Chocolate and cocoa manufacturer Barry Callebaut is one of those taking a cautious view. It said in its latest cocoa market report: “Despite its reputation as a ‘recession-proof’ item, few in the industry are willing or able to provide a clear outlook on demand at consumer level for the months to come.”
Cocoa supply deficit
The report also foresees problems with cocoa supply to continue into 2008/09, after a second year of cocoa deficit contributed to high prices this year, which topped $3000 a tonne in June. It cites a wide range of analysts’ estimates for the coming year, however, from a 160 million tonne deficit, to a 65 million tonne surplus.
The reason for this is that market operators are twitchy about cocoa exports from the Ivory Coast, the world’s biggest producer, where strikes and corporate corruption have affected cocoa supply to ports. Political unrest in the region has also contributed to keeping markets on edge and so far trading volumes are low for the season.
The company’s market report for the week ending November 25 said that cocoa bean arrivals at Ivory Coast ports remained “paltry” compared with previous years’ levels.

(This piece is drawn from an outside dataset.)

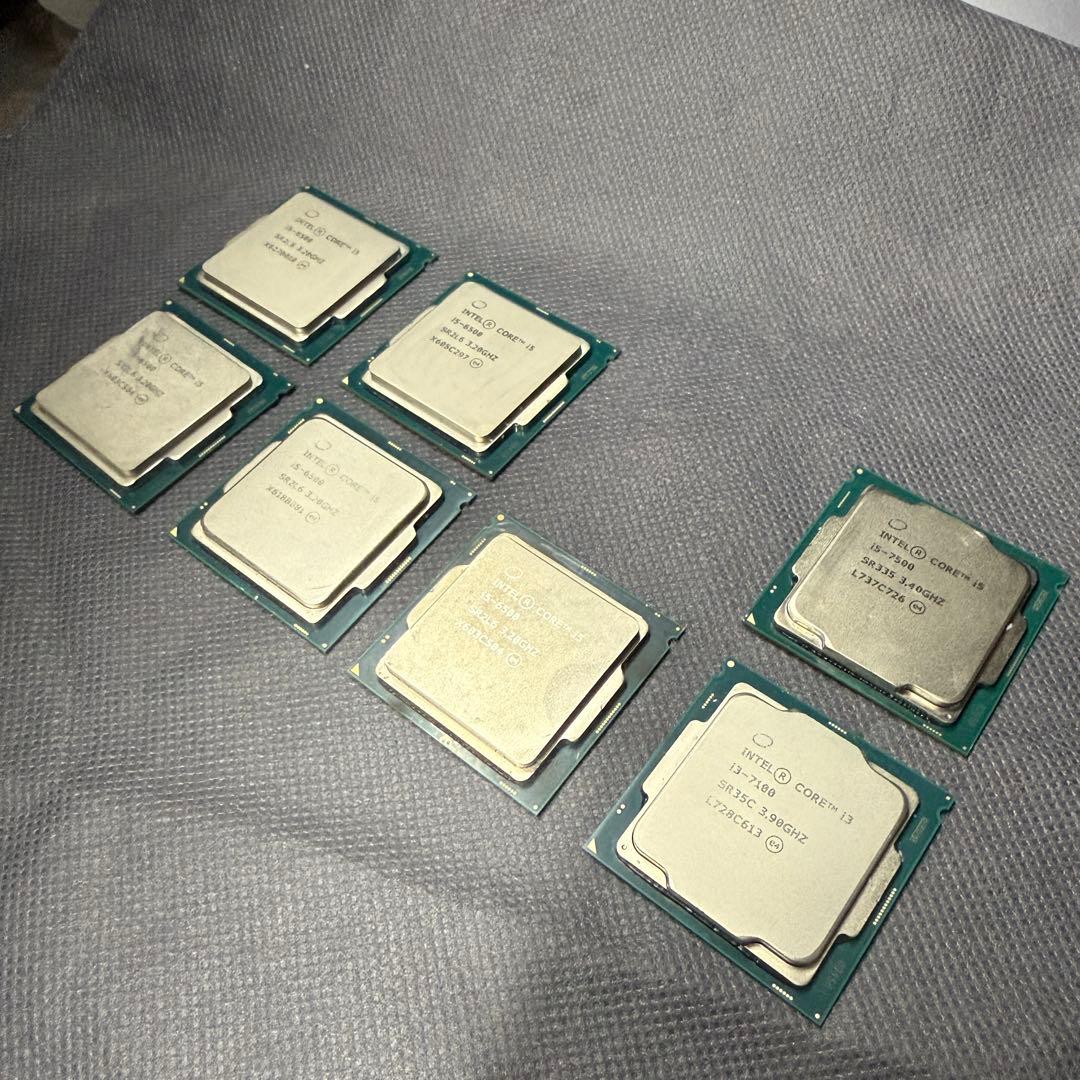CPU7枚セット(i3、i5)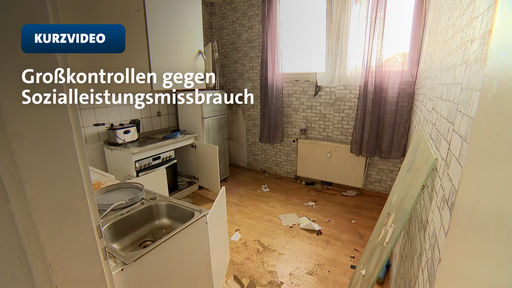 Großkontrollen gegen Sozialleistungsmissbrauch | Video | TN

So far this year, London cocoa futures have risen 33.8 per cent, partly in response to a collapse in the pound’s value, although dollar-based US cocoa is also up 9.7 per cent, according to Reuters figures. Sterling has lost nearly a quarter of its value against the dollar over the past two months.
Adding to confectioners’ worries, sugar futures have also held firm amid market turmoil. Reuters figures show that raw sugar future prices have risen 6.9 per cent in the year to date, while white sugar is up 2.8 per cent. Output from the world’s two biggest sugar exporters, India and Brazil, is forecast to drop this year with smaller overall harvests.
The outlook is not altogether gloomy for manufacturers, however. Earlier this month Barry Callebaut CEO Patrick de Maeseneire said: “Chocolate is a defensive industry and consumption has proven resilient in previous economic downturns. Indeed, we continued to see good growth in the first two months of the current fiscal year.”
Meanwhile, Mintel has also forecast that the chocolate confectionery market – in the US at least – will continue to grow, at a rate of about four per cent per year over the next six years.